In Fox v. Saginaw County, a Michigan landowner alleged that a county government violated both the U.S. and Michigan Constitutions when it foreclosed on his property for failure to pay property tax and retained proceeds of the sale in excess of the amount owed. 2023 WL 3143922, at *1 (6th Cir. Apr. 28, 2023). He filed a putative class action on behalf of property owners in that county and 26 other Michigan counties that allegedly kept surplus proceeds from tax foreclosure sales. Id.
The trial court certified a class of landowners across all 27 counties, even though only one of the counties was alleged to have injured the named plaintiff. Id. at 3. In doing so, the trial court relied on the juridical link doctrine, which creates an “exception[] to the ordinary standing rule . . . [when] all defendants are juridically related in a manner that suggests a single resolution of the dispute would be expeditious.” Fox v. Cnty. of Saginaw, 2020 WL 6118487, at *5 (E.D. Mich. Oct. 16, 2020), vacated and remanded sub nom. Fox, 2023 WL 3143922. The doctrine has been adopted by the Seventh Circuit, but rejected by the Second Circuit. Fox, 2023 WL 3143922, at *6 (citing Payton v. Cnty. of Kane, 308 F.3d 673, 678-82 (7th Cir. 2002) and Mahon v. Ticor Title Ins. Co., 683 F.3d 59, 63-66 (2d Cir. 2012)).
The district court reasoned that by adopting a uniform policy to retain excess proceeds from tax foreclosure sales, the Michigan counties “bec[a]me so juridically linked to one another that Plaintiff has standing against each of them to the same extent that he has standing against” the county that seized his property. Fox, 2020 WL 6118487, at *6. The court then found that the proposed class satisfied each of Rule 23’s requirements. Id. at 7-11.
The Sixth Circuit disagreed. In vacating the district court’s decision, the Sixth Circuit held that the juridical link doctrine conflicts with Supreme Court precedent on standing in three ways. Fox, 2023 WL 3143922, at *6. First, a named plaintiff seeking to represent a putative class must allege an injury that they personally incurred, and cannot “piggyback off the injuries suffered by other, unidentified members of the class.” Id. Thus, the named plaintiff in Fox could not “rely on the claim that the other Counties harmed the members of the class that he seeks to represent” to establish standing. Id.
Second, the Sixth Circuit found the juridical link doctrine to be at odds with the requirement that plaintiffs have standing “at the outset of the litigation” in order for a court to retain subject matter jurisdiction.
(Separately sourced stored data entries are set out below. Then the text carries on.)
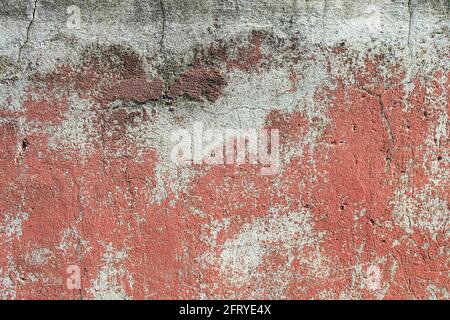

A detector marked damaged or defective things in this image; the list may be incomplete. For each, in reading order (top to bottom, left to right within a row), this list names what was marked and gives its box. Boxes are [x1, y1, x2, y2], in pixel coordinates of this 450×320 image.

crack in concrete [18, 0, 38, 62]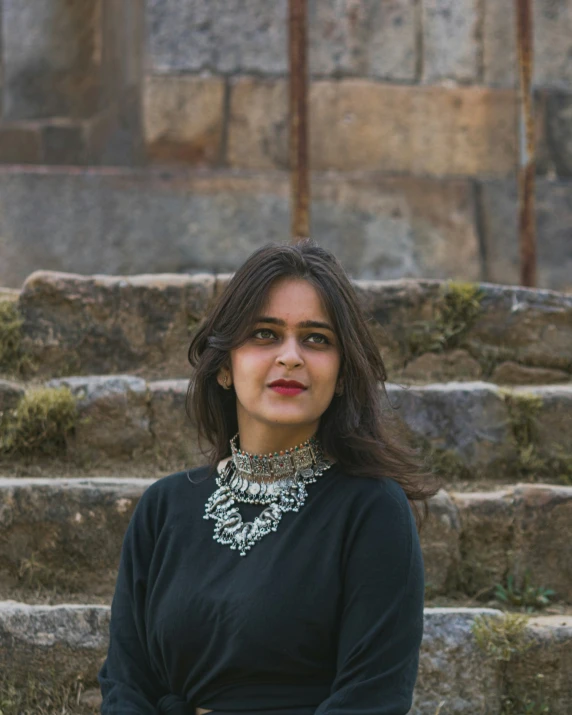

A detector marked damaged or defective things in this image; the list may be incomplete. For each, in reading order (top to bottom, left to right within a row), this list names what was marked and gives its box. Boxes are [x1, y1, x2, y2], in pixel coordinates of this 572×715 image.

rusty metal pipe [288, 0, 310, 243]
rusty metal pipe [512, 0, 536, 288]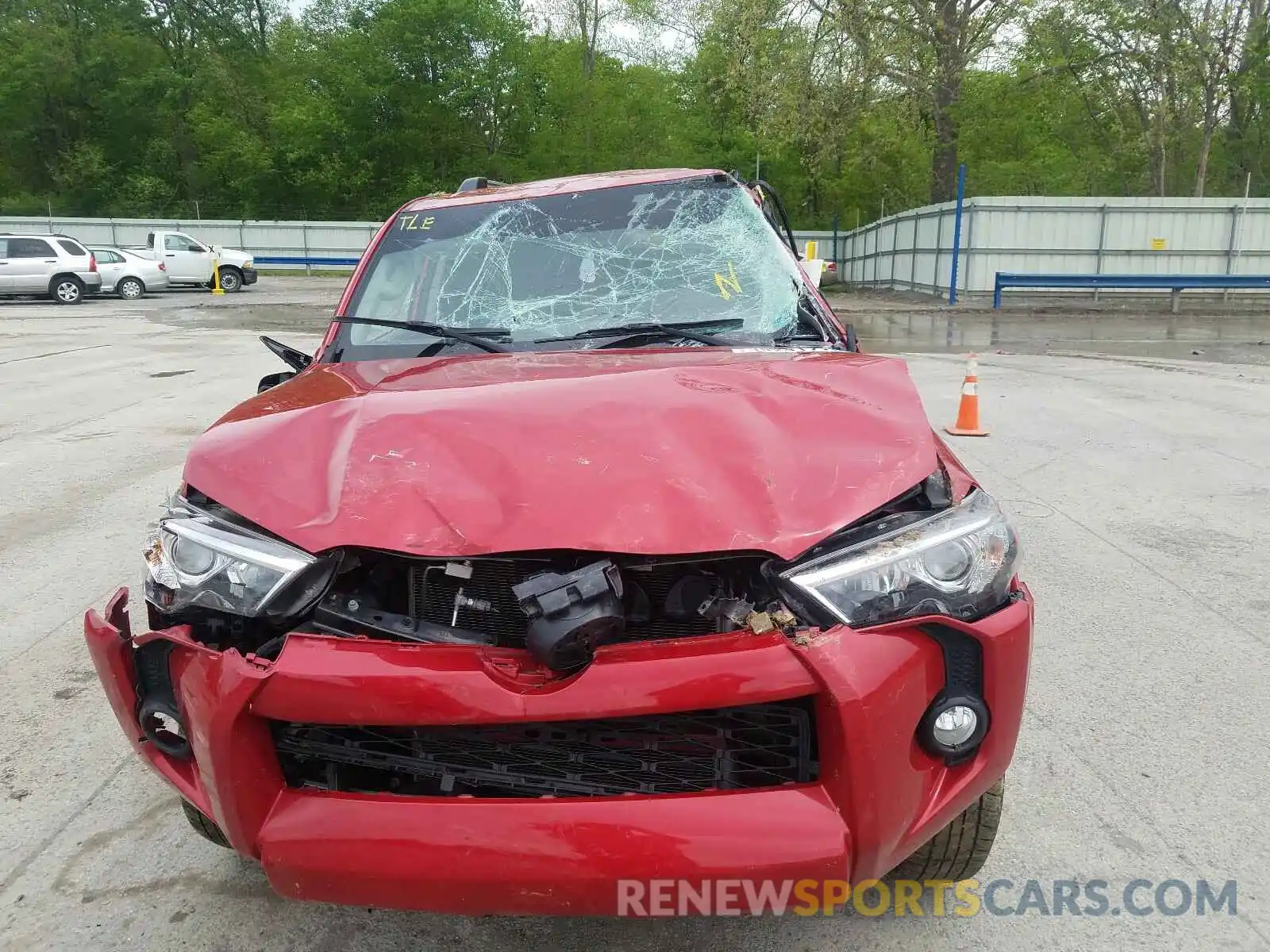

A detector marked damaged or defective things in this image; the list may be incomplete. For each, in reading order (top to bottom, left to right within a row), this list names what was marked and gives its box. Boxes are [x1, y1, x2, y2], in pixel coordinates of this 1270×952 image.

cracked windshield [344, 177, 803, 347]
crushed hood [186, 347, 940, 559]
broken headlight [142, 498, 337, 619]
broken headlight [784, 489, 1022, 628]
damaged front bumper [84, 587, 1029, 914]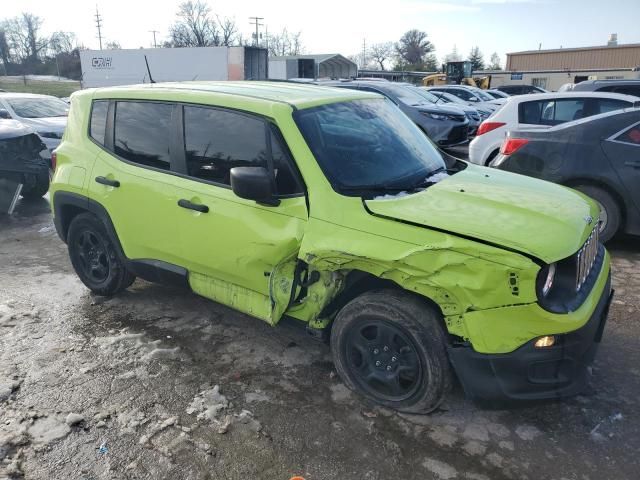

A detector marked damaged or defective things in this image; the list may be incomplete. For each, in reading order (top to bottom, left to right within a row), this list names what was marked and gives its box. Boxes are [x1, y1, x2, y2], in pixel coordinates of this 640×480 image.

Id. at 7. By “allow[ing] a class certification decision to create standing against defendants that did not injure the named plaintiff[,]” the doctrine impermissibly “changes the time when standing matters” from the filing of the suit to the class certification decision. Id.
Third, the Sixth Circuit ruled that the juridical link doctrine—which was based on dicta from a Ninth Circuit opinion about streamlining class action litigation—could not overcome the Supreme Court’s instruction that standing is the “irreducible constitutional minimum” to assert a claim in federal court. Id. (citing La Mar v. H & B Novelty & Loan Co., 489 F.2d 461, 466 (9th Cir. 1973) and Lujan v. Defs. of Wildlife, 504 U.S. 555, 560 (1992)). Because the juridical link doctrine conflicted with the Supreme Court’s standing jurisprudence and lacked historical support, the Sixth Circuit held that the plaintiff did not have standing to represent the putative class and vacated the class certification order. Id. at 13. The Sixth Circuit then remanded the case to the district court for further proceedings. Id.
The Sixth Circuit’s ruling confirms that standing is a threshold inquiry that precedes class certification, and that a named plaintiff must allege injuries from each and every defendant at the outset in order to establish standing.